En fait, l’histoire du 21e siècle ne consiste pas en grand chose d’autre, particulièrement pour le gouvernement des Etats-Unis. Depuis qu’il a pris le pouvoir en janvier 2001, l’administration Bush a envahi et occupé deux états souverains, l’Afghanistan et l’Irak, tout en supportant des attaques similaires par ses états satellites : l’invasion du Liban par Israël en 2006, l’invasion de la Somalie par l’Éthiopie en 2007 et l’invasion de l’Équateur par la Colombie plus tôt cette année.

Le contraste entre les cris des Etats-Unis sur « l’agression russe » en Géorgie et son soutien pour l’agression israélienne au Liban est particulièrement instructif.

La secrétaire d’État Condoleeza Rice avait notablement retardé un cessez-le-feu dans le conflit libanais, visitant Beyrouth alors que des tanks israéliens et des avions de combats étaient en train de ravager le sud du Liban et rejetant les appels du gouvernement libanais, appuyé par les Etats-Unis, en faveur d’une intervention. Israël avait le droit de défendre ses intérêts avant d’être forcé de battre en retraite, soutenait-elle. Mais, en Géorgie, Rice a déclaré qu’un cessez-le-feu était nécessaire de manière urgente et qu’il devait précéder toute autre action.

Ces arguments malhonnêtes visent des objectifs autant intérieurs qu’internationaux. L’administration Bush cherche à alimenter une atmosphère qui évoque la Guerre froide.
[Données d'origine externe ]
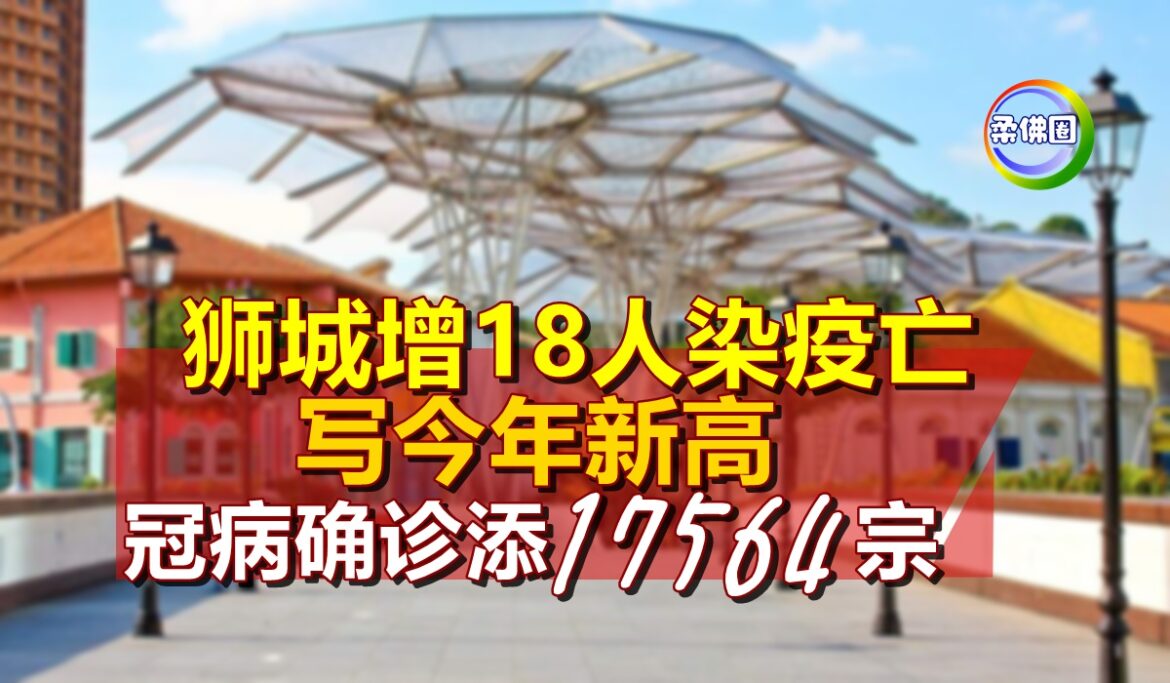 狮城增18人染疫亡  写今年新高   冠病确诊添17564宗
Cela est largement vu dans les cercles dirigeants de droite comme étant la seule façon d’amener une victoire du candidat présidentiel républicain John McCain, dans des conditions où l’administration Bush et le parti républicain sont largement haïs. (Un sondage publié mardi montre que 41 pourcent des américains voient Bush comme étant le pire président de l’histoire des Etats-Unis, alors que 68 pourcent veulent le retrait complet des troupes de l’Irak d’ici un an).

L’administration Bush veut que l’élection de novembre soit tenu e dans un environnement de crise internationale, afin d’intimider et de dévier l’opposition populaire à la guerre en Irak, aux politiques sociales réactionnaires de Bush et à la crise économique grandissante. L’idée est d’avoir une autre élection sur la « sécurité nationale » qui favoriserait McCain, dont la campagne est largement basée sur son passé militaire et sa supposée expérience en matière de politique étrangère.

Les démocrates, incluant leur candidat présidentiel Barack Obama, tentent tant bien que mal d’égaler la rhétorique provocatrice et belliqueuse de l’administration Bush et de McCain, dénonçant la Russie dans des termes similaires et faisant écho à la demande de l’administration Bush concernant l’admission de la Géorgie dans l’OTAN—quelque chose que la Russie considère comme une menace intolérable à sa sécurité.

Les reportages biaisés tant à la télé que dans les journaux libéraux (New York Times) et conservateurs (le Wall Street Journal) qui tentent d’alimenter les sentiments anti-russes sont conçus pour conditionner l’opinion publique à une escalade majeure de la poussée de Washington pour établir l’hégémonie américaine sur le Caucase et les régions avoisinantes riches en pétrole.